He grew up in Mississippi and didn’t come out until he was thirty-one. Here is his letter to LGBTQ+ kids—words he wishes someone had shared with him years earlier.

Dear ____________,

I feel the need to write you a letter I wish I had received.

Had I gotten a letter like this one before I came out, my journey may have been lighter, filled with a bit more laughter, and fueled with a bit more understanding that I mattered. Even though I didn’t know why I was terrified of the way my glittery spectrum of light might sparkle in the world, it would have helped for someone to say:

Despite what your church, your neighbors, your friends, or your family may believe, say, or do around you, you are a stunningly brilliant flame.

Being Southern can feel complicated. Often misunderstood and dismissed by non-Southerners, we can be worse to our own kin. As a gay, queer, or trans kid, you know this intimately.

Raised in the United Methodist Church, I’ve watched the church of my childhood tear itself apart over LGBTQ+ issues. The debate focused on the enforcement of the now-repealed church ban on the marriage or ordination of “self-avowed, practicing” LGBTQ+ folk. Just last month, after a half-century of conflict, the church of my childhood finally repealed those bans and removed language in its Book of Discipline that said “the practice of homosexuality is incompatible with Christian teaching.”
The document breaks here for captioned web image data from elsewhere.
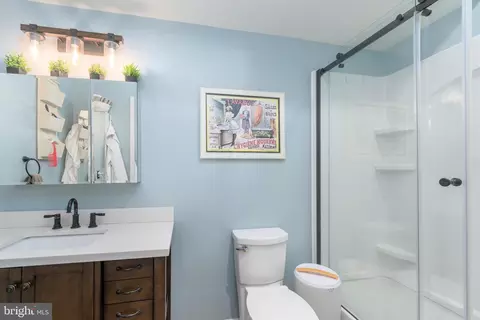 Bath - 2858 Broad Wing Dr, Odenton, MD 21113 photo 4 of 5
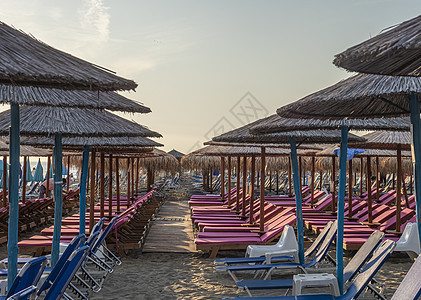 带雨伞和防晒床的海滩 酒店 早晨 自然 夏天图片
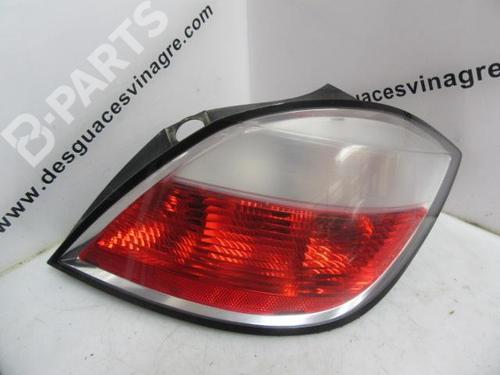 Used Right taillight OPEL ASTRA H (A04) 1.7 CDTI (L48) (100 hp) 9805249
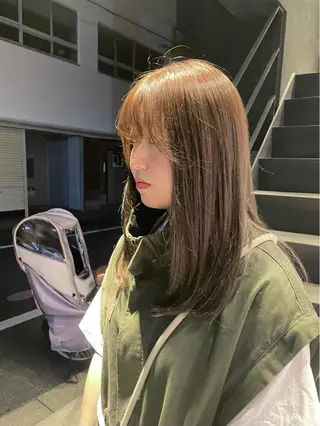 ロング 永宮 采佳のヘアスタイル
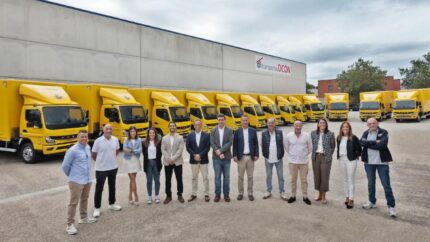 Transportes Ocón renueva su flota de reparto con 15 camiones eléctricos FUSO eCanter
Many of the departing congregations joined the Global Methodist Church, which opposes same-gender marriages. Over the years, many in those congregations denied prejudice about LGBTQ+ issues and claimed their opposition was simply to Methodist bishops not following the old rules in the Book of Discipline. But when the UMC lifted the LGBTQ+ bans, it became clear that those who claimed their opposition came only from a lack of rule-following either didn’t do their homework or didn’t want to admit to their bigotry. Their arguments sound as ludicrous as arguing the Confederacy was about “states’ rights,” not slavery. Their opposition and their decisions to leave the UMC were, in fact, fueled by homophobic bigotry.

For the most part, I’ve lost concern for what religious strangers may think or believe about me. Particularly when their views are inconsistent and exercise their faith in a way that fails to serve the poor, sick, and needy. Still, it isn’t easy watching this news unfold. Even at fifty-one years old, I have a mix of frustration, astonishment, and (of course) hurt when family and friends, who claim to value me as a person, now support an organization—the Global Methodist Church—that hypocritically claims in its Transitional Book of Doctrines and Discipline to “love extravagantly.”

The possibility that your loved ones might use a church to oppose LGBTQ+ issues may sting the most. I can imagine how you may feel as a teenager, even if your community did not go through that public spectacle.

The conservative Southern Christianity I grew up with in Mississippi made me hate myself—until I realized that its views about kids like me weren’t, in fact, Christian.

The conservative Southern Christianity I grew up with in Mississippi made me hate myself—until I realized that its views about kids like me weren’t, in fact, Christian. 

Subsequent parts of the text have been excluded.